EcoRaMa

Ecology and Evolution of Species Range Margins

The processes shaping species range margins have interested ecologists and evolutionary biologists for a long time and have received increasing attention as ongoing environmental changes are shifting species’ ranges. In the absence of dispersal limitation, range margins occur when species can maintain persistent populations within their ranges but fail to do so beyond range margins (Panel A in the diagram below). Various ecological factors, such as climate and species interactions, can limit population growth rates beyond range margins, leading niche limits to range limits. Over the evolutionary time scale, range margins occur when species can overcome environmental constraints by local adaptation within their ranges but fail to do so beyond range margins, leading adaptation limits to range limits (Panel B).
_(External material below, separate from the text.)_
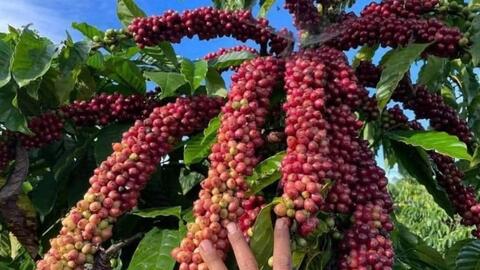 Bản tin nông sản hôm nay (9-4): Giá cà phê giảm sâu, giá hồ tiêu tăng
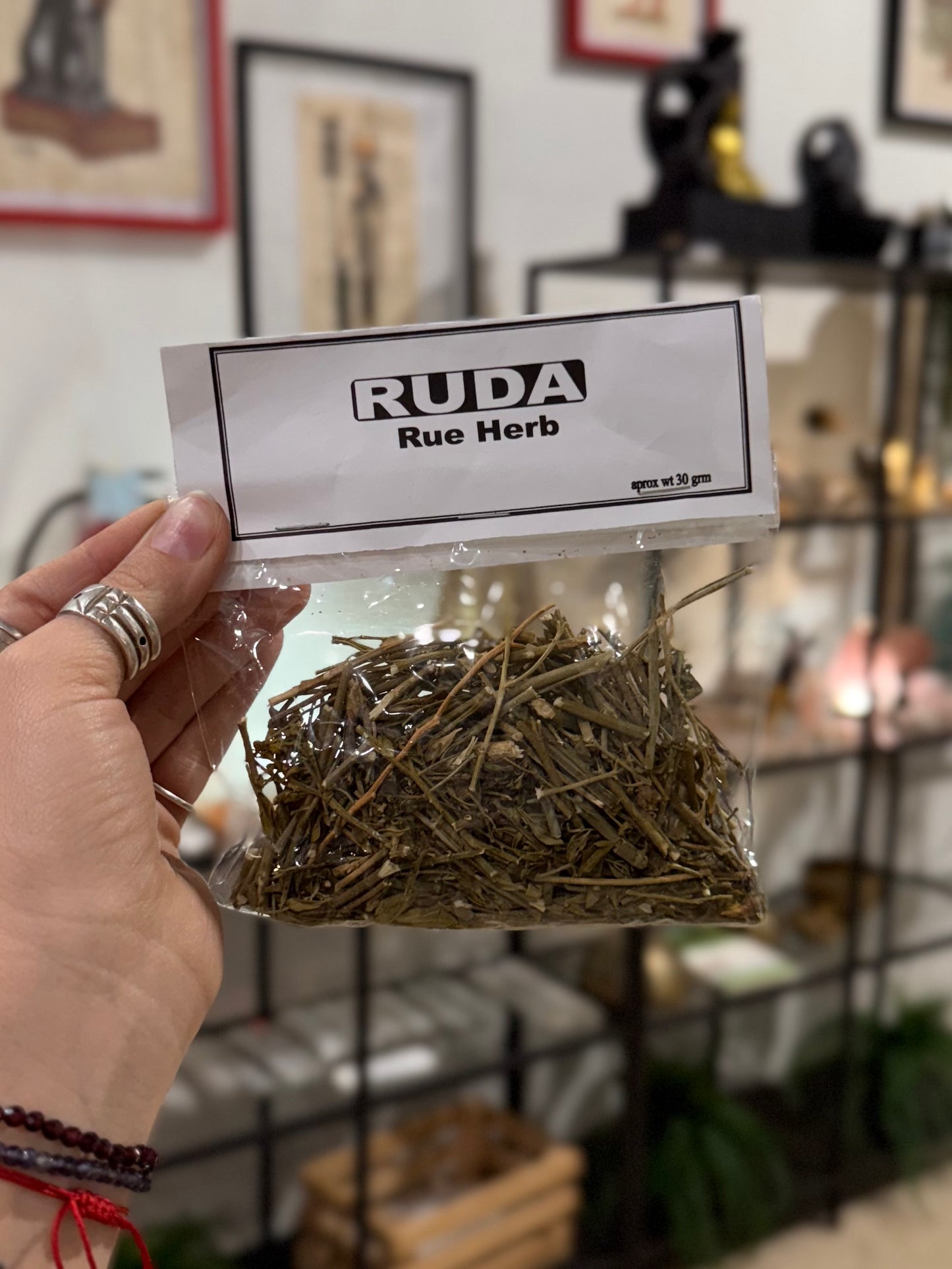 Ruda Seca ( Rue Herb )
Two main population-genetic hypotheses have been advanced to explain the failure of local adaptation. First, local adaptation in marginal populations may be hindered by ongoing gene flow from the core of the species distribution, such that maladaptive immigrant alleles ‘swamp’ any responses to local selection (the ‘swamping’ hypothesis). Alternatively, marginal populations may be typically small and relatively inbred, with low genetic diversity due to repeated bottlenecks, with the consequent greater expression of deleterious recessive mutations and thus poor demographic performance; in this case, migration from other populations should ‘rescue’ marginal populations from the ill-effects of genetic drift and inbreeding (the ‘rescue’ hypothesis).

Aims

EcoRaMa aims to uncover the ecological and evolutionary processes leading to the range margins of Mercurialis annua (see Study system) . Combining a continental-scale transplant experiment (see Experimental design) with demographic modelling, quantitative genetics, and population genetics (see Data collection), EcoRaMa has three main aims:

To distinguish between the swamping and rescue explanations for species' range margins

To identify environmental factors, including abiotic and biotic factors, and demographic processes that limit population growth towards range margins

To uncover the phenotypic and genetic processes limiting local adaptation beyond range margins

Study system

EcoRaMa uses a wind-pollinated dioecious plant, and thus fully outcrossing, Mercurialis annua, as a model system. M. annua is an annual plant and has recently proved ideal for experimental evolution under semi-natural conditions. It has a range across Europe and the Middle East (the shaded area), resulting from northern- and westward range expansion out of an eastern Mediterranean refugium after the Pleistocene glaciation ended.

Experimental design

In 2023, we sampled seeds from 21 populations at seven localities across the range of M. annua: range edge (orange, n = 3 localities), core (green, n = 3 localities), and refugium (blue, n = 1 locality). These populations were grown in Lausanne in the summer of 2023 to produce maternal effects-free seeds. In spring 2024, we established experimental populations subject to four different ‘admixture’ (i.e. migration) treatments, ranging from zero (no admixture) to local (local admixture) to distant (core-edge admixture and refugium-edge admixture). The figure on the right below shows a typical design at an edge site. The same experimental design is repeated in 11 gardens across the entire range of M. annua and beyond its range margins: one garden in the refugium range (blue), three gardens in the range core (blue), three gardens at the range margins (orange) and four gardens beyond range margins (red). Therefore, the experimental populations are exposed to range-wide variation in abiotic and biotic conditions.